_TASK PROMPT:_ Exact reproduction of every record is required, and pictures are to be excluded.
/---
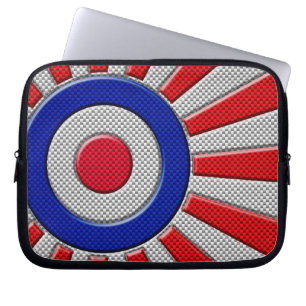 Levendige Roundel Sunburst Design Carbon Fibre Sty Laptop Sleeve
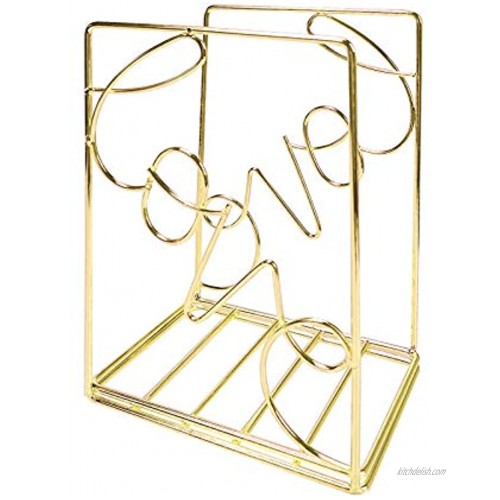 Chris.W 1 Pair Metal Wire Love Bookends Decorative Metal Book Ends Supports Dividers for Shelves Unique Geometric Design Gold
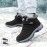 Women's Solid Color Sneakers, High-top Velvet Warm Fuzzy Soft Sole Shoes, Winter Non-slip Comfy Shoes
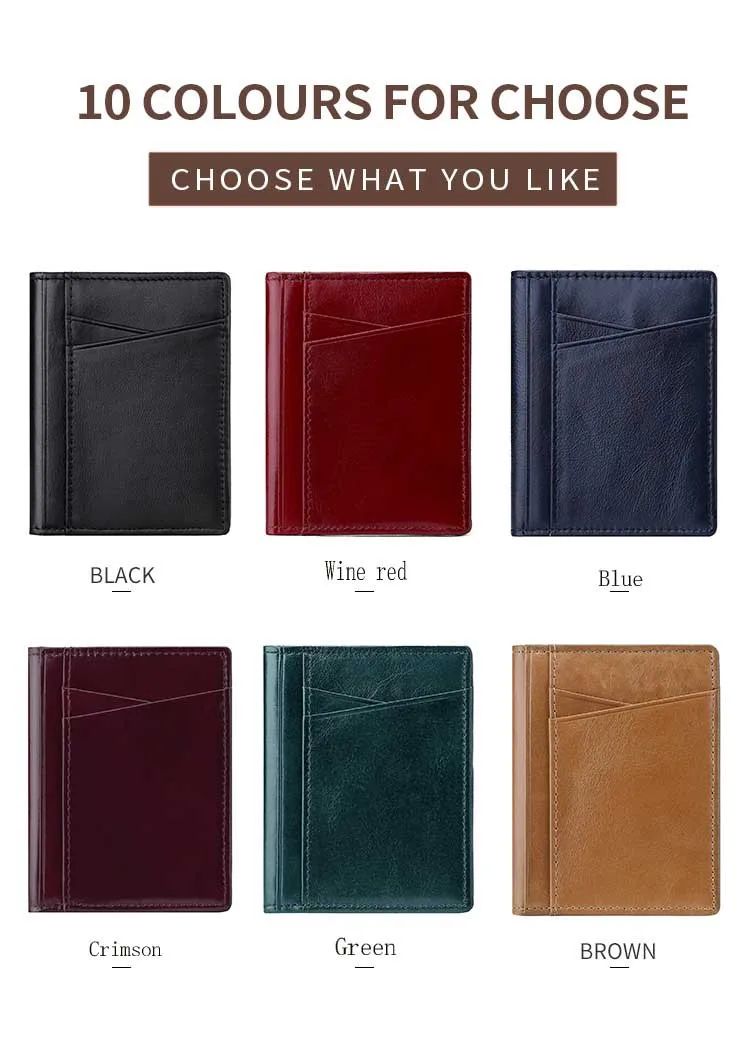 Men Minimalist Slim Card Holder Genuine Leather Card Wallet Slim Line Ultra Thin Mini Small Rfid Passport Id Card Holder Male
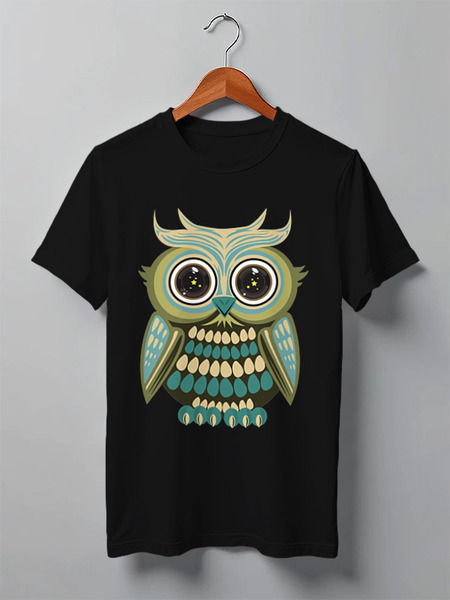 Заказать мужскую футболку в Москве. Футболка классическая Сова (Owl) от nadegda - готовые дизайны и нанесение принтов.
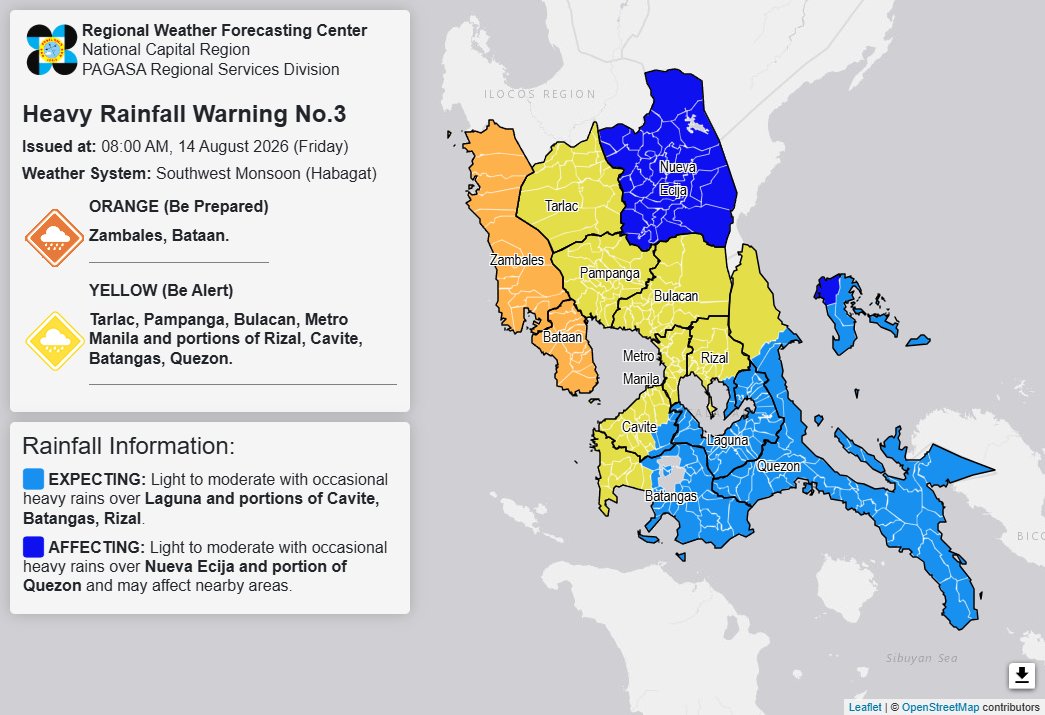 Orange rainfall warning still up in Zambales, Bataan; Yellow warning in Metro Manila, 6 areas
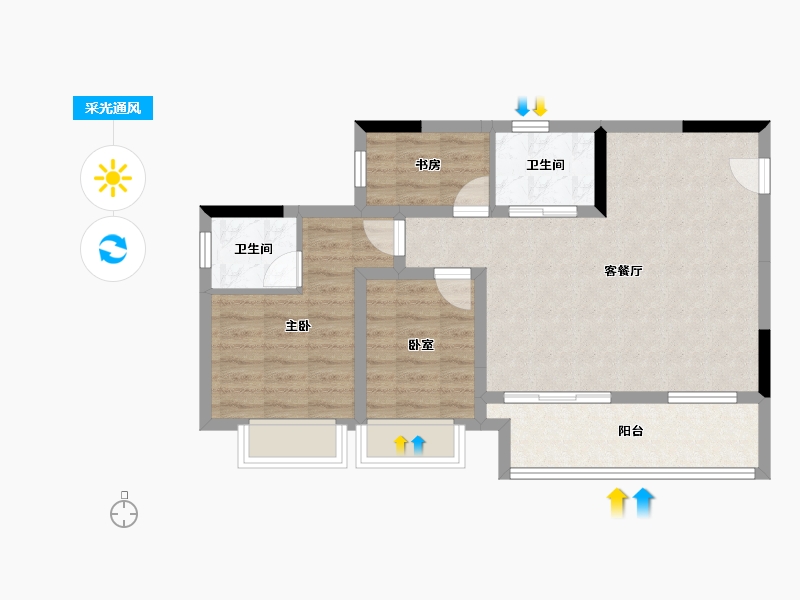 重庆-重庆市-中建滨江星城-70.95-户型库-采光通风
\---
_EXPECTED ANSWER:_
 Levendige Roundel Sunburst Design Carbon Fibre Sty Laptop Sleeve
 Chris.W 1 Pair Metal Wire Love Bookends Decorative Metal Book Ends Supports Dividers for Shelves Unique Geometric Design Gold
 Women's Solid Color Sneakers, High-top Velvet Warm Fuzzy Soft Sole Shoes, Winter Non-slip Comfy Shoes
 Men Minimalist Slim Card Holder Genuine Leather Card Wallet Slim Line Ultra Thin Mini Small Rfid Passport Id Card Holder Male
 Заказать мужскую футболку в Москве. Футболка классическая Сова (Owl) от nadegda - готовые дизайны и нанесение принтов.
 Orange rainfall warning still up in Zambales, Bataan; Yellow warning in Metro Manila, 6 areas
 重庆-重庆市-中建滨江星城-70.95-户型库-采光通风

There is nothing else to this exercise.